Cruzan wasn’t “disabled” and reading a good book about her by the lawyer in that case, comparing the two came out as something her dad really was angry about. She was basically brain dead even if her simple life signs continued. The parents did all their could for some time before deciding it was time to let her die with dignity. And, such a waiting period etc. is a valid requirement.
And, in the past, she — like some have in more clearly defined ways in living wills — said she didn’t want to be forced to have medical treatment in that case. It is something scary out of a sci fi novel if we ignore such wishes “for their own good.” This includes disabled people who choose a certain treatment. Protecting them by taking their rights away is a tad bit Orwellian.
The rules here along the margins will be difficult, but we already allow euthanasia in various ways. Are we going to force people against their will to have treatment? Will brain death (a means of defining “life”) not be allowed if some artificial means can just keep a person alive indefinitely because the heart continues to beat? Refuse drugs since “double effect” might lead to death instead of merely pain reduction? (already done sometimes) Force people to choose what they will anyway on the sly or have Jack Kevorkian types do it?
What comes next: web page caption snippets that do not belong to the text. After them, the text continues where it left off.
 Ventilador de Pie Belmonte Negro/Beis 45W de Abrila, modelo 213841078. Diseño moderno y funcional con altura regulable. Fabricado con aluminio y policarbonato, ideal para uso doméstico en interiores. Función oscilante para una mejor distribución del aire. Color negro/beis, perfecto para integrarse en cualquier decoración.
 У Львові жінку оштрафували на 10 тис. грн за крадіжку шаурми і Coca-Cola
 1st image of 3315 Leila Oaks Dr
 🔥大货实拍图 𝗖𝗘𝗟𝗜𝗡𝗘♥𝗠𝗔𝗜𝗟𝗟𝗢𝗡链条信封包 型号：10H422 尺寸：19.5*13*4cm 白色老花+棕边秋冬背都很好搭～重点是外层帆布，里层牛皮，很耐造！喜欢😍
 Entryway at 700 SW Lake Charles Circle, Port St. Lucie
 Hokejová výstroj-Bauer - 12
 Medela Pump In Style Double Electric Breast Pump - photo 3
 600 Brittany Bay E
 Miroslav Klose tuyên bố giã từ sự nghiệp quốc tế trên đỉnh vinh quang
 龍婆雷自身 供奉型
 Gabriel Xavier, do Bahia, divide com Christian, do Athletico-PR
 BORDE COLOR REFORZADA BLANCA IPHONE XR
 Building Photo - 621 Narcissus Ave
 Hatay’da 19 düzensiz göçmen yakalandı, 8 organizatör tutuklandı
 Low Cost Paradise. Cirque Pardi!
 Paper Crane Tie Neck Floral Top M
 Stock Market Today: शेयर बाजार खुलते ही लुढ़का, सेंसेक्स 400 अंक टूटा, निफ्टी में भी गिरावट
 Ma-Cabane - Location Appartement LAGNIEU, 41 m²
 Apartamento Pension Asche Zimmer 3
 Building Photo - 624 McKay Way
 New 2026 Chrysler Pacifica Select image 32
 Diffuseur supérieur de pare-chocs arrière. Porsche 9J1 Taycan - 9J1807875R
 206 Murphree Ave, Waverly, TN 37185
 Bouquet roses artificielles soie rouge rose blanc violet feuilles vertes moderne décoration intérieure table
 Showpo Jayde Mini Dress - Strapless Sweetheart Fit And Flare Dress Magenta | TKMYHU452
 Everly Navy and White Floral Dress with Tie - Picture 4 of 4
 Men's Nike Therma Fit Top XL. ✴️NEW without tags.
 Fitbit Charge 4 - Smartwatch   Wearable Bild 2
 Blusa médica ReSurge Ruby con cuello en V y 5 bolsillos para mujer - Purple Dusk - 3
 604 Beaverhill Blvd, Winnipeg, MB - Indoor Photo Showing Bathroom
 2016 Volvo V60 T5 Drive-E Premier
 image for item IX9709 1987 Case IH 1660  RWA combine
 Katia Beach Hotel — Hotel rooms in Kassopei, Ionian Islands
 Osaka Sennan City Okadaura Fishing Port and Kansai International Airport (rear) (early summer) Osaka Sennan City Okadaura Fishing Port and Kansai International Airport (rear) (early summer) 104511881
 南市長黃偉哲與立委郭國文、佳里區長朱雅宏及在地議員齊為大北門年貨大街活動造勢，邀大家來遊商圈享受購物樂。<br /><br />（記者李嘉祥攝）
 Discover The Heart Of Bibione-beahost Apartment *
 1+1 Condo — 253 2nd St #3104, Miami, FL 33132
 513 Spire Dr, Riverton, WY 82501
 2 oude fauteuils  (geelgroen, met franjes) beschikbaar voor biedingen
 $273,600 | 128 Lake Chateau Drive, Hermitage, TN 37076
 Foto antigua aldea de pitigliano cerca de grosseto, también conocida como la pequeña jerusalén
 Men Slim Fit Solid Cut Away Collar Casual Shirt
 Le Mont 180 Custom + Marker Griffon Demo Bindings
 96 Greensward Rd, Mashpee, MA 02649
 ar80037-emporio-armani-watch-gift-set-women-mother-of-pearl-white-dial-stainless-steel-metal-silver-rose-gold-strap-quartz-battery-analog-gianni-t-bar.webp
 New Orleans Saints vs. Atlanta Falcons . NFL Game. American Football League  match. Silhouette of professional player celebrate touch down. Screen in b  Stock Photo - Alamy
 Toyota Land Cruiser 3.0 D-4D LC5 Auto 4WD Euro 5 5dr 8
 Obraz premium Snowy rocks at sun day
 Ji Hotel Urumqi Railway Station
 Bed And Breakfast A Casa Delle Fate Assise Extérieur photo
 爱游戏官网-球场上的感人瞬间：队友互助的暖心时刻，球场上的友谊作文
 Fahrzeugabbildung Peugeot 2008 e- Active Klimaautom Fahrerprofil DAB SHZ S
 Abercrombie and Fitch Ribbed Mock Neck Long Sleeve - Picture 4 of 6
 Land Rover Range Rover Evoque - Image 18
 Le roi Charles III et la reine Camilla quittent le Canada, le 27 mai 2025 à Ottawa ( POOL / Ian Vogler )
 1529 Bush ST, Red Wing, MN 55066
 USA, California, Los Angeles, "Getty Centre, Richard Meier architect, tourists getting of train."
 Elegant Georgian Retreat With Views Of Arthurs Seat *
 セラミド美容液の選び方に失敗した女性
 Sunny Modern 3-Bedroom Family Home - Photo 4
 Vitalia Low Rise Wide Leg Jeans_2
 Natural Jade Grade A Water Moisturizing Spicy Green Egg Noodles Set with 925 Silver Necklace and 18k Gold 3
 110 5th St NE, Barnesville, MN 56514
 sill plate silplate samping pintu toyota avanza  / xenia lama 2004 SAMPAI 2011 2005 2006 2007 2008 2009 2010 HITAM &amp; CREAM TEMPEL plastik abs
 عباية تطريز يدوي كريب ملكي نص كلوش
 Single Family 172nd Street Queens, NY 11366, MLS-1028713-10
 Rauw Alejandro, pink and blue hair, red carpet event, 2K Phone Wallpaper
—-the— mentally ill have a “right” to assisted suicide
I am not sure what you mean by “the” mentally ill. You see us as generic?
The concluding observation from Ms. Golden highlights a critical issue. While we respect her opinion, we don’t want her opinion imposed on us. Carefully drafted laws will minimize the risk a choice isn’t truly voluntary. True, even the most carefully written laws will be misapplied. But the same principle of human fallibility applies to all endeavors, including medical procedures undertaken by physicians (who are not without a subliminal profit motive) that cause needless and protracted suffering. Bottom line: the “least imperfect” solution is to allow individuals to decide for themselves.